I normally use it for glm
(these code snippets are commented out) but I modified it for lm
for you:
models <- c()
for (i in 1:10) {
y <- rnorm(100) # generate some example data for lm
x <- rnorm(100)
m <- lm(y ~ x)
# in case of glm:
#m <- glm(y ~ x, data = data, family = "quasipoisson")
#overdispersion <- 1/m$df.residual*sum((data$count-fitted(m))^2/fitted(m))
coef <- summary(m)$coef
v.coef <- c(t(coef))
names(v.coef) <- paste(rep(rownames(coef), each = 4), c("coef", "stderr", "t", "p-value"))
v.model_info <- c(r.squared = summary(m)$r.squared, F = summary(m)$fstatistic[1], df.res = summary(m)$df[2])
# in case of glm:
#v.model_info <- c(overdisp = summary(m)$dispersion, res.deviance = m$deviance, df.res = m$df.residual, null.deviance = m$null.deviance, df.null = m$df.null)
v.all <- c(v.coef, v.model_info)
models <- rbind(models, cbind(data.frame(model = paste("model", i, sep = "")), t(v.all)))
}
I prefer to take data from summary(m)
. To bundle the data into data.frame
, you use the cbind
(column bind) and rbind
(row bind) functions.
You can use the coefficients
function:
out = coefficients(lm(mpg ~ wt, mtcars))
out
# (Intercept) wt
# 37.285126 -5.344472
out[1]
# (Intercept)
# 37.28513
or for the group of lm objects:
library(plyr)
out = ldply(list(model0, model1, model2), coefficients)

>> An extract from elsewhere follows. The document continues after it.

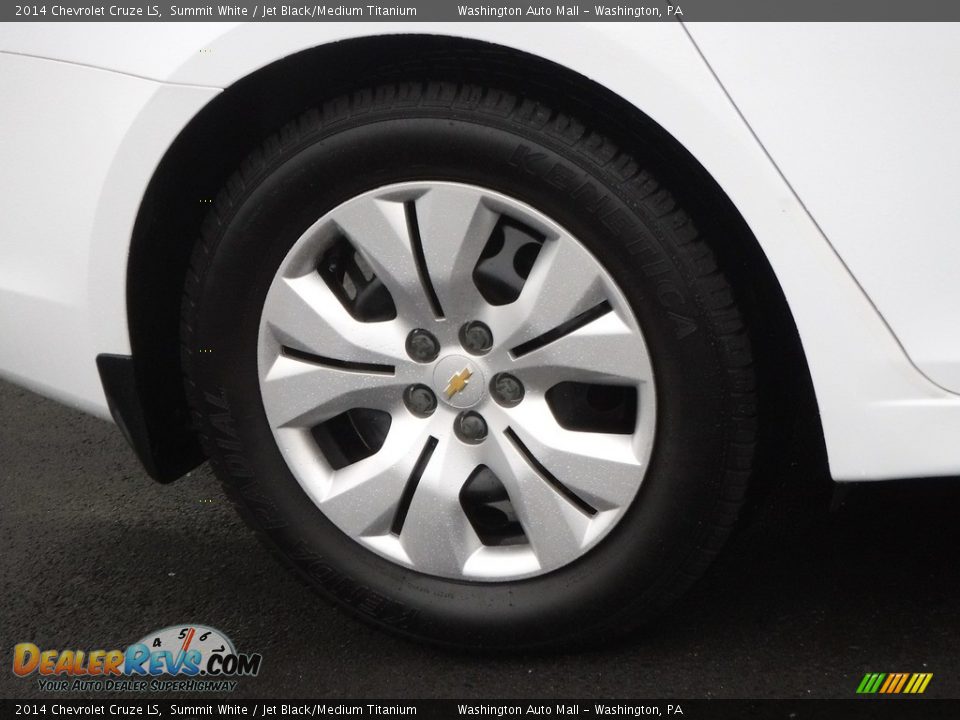 2014 Chevrolet Cruze LS Summit White / Jet Black/Medium Titanium Photo #3
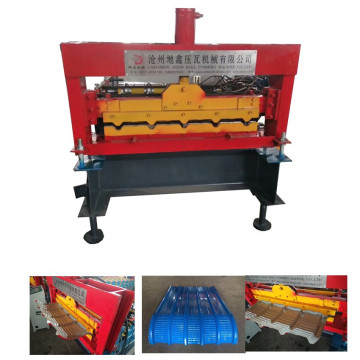 High speed crimping/curving roll forming machine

rownames(out) = sprintf('model%d', 0:2)
(Intercept) wt
model0 37.28513 -5.344472
model1 37.28513 -5.344472
model2 37.28513 -5.344472
To expand my solution to what you need, you need to:
- Find out how to extract the other information you need from an
lm
object.
- Write a custom function which returns a one-row
data.frame
which contains all the information.
- Run it using the
ldply
syntax I showed.